What they don't teach you, because it is almost impossible to teach, is business empathy. What does that mean? Some people have a natural ability at something. You see this on a football pitch, among musicians and at language schools. Some people take to a subject like a duck to water. There are sure to be people who have got business nous and others that are a bit lacking in that department.
Business schools attempt to unleash business nous in creative ways. They bring in actors to show how through breathing properly you can project your voice and develop a more authoritative stance. At Manchester Business School they have been known to show you how to whisper into the ear of a horse and improve skills that could be useful when communicating with nervy or difficult colleagues. Nearly all business schools invite speakers who have done remarkable things, exploring and enduring unbelievably difficult places or overcoming serious problems. The hope is that such inspiration will trigger something within the business school students to be become better problem solvers and leaders.

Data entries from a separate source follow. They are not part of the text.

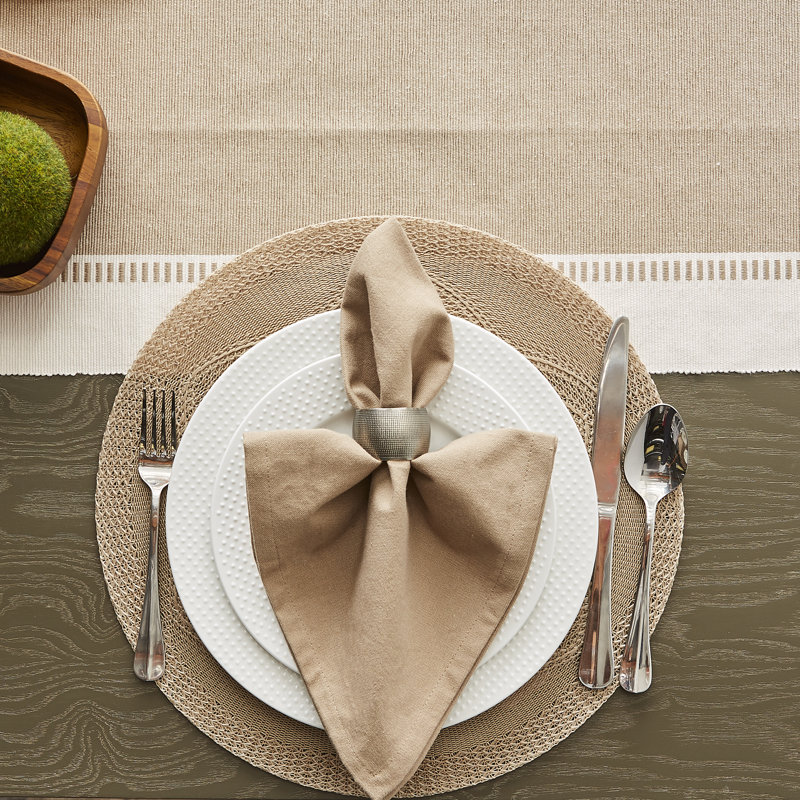 6-Piece Peasely Round Floral Placemat Set, Stone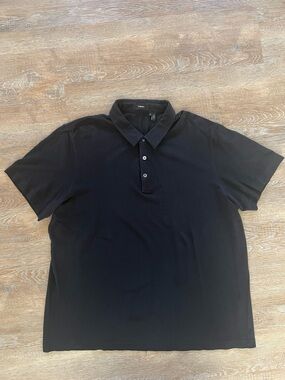 Theory Bron B Air Pique Polo | Black | 100% Pima Cotton | XL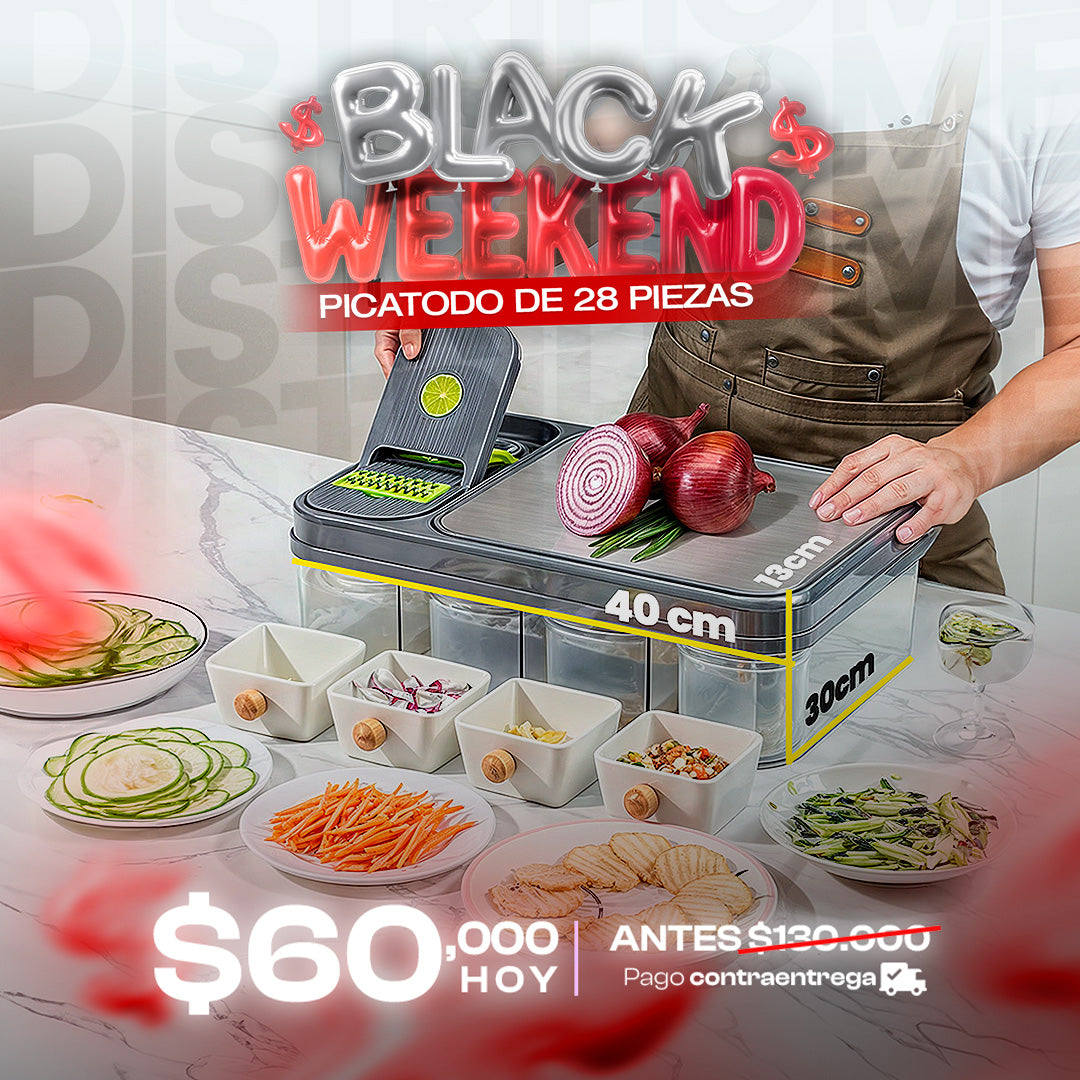 PICADOR CON TABLA Y RECIPIENTES 26 PIEZAS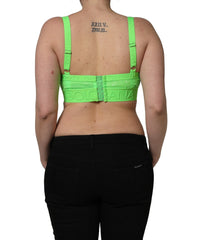 Dolce & Gabbana Neon Green Soft Cup Logo-Trim Bra Cropped Top - IT2 | S
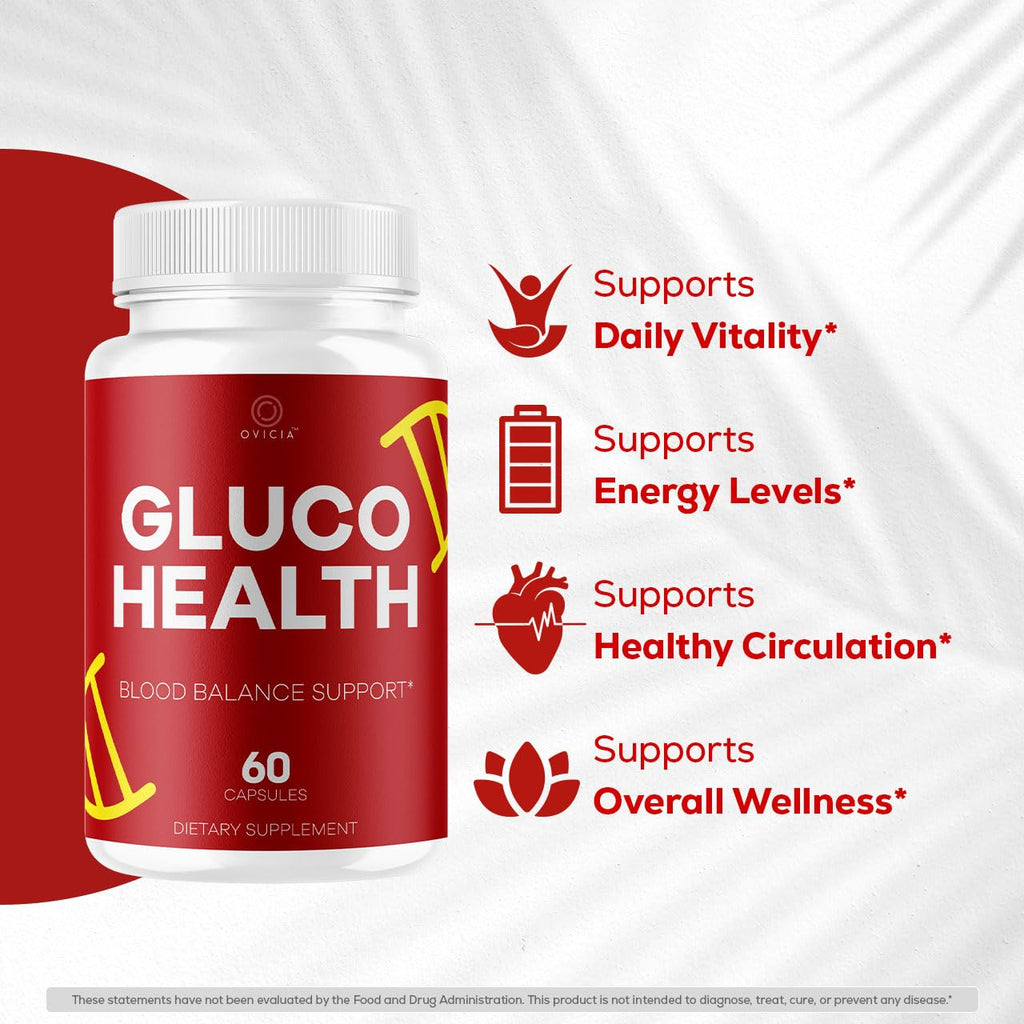(2 Pack) Gluco Health Capsules - GlucoHealth Support Pills Premium Plus All Natural Ingredients Advanced GlucoHealth Formula Maximum Strength for Overall Health & Wellness, 120 Capsules for 2 Months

This feel for business may well be inbuilt and difficult to teach. However like any other skill, the more you do something the better you get at it. It is why I am keen on frameworks. Know them and use them and running a business will be so much easier. Half the battle is recognising which framework will deal with the problem. Once that is sorted out it is usually a matter of diligently collecting and analysing data and if this is done thoroughly an appropriate strategy will become apparent.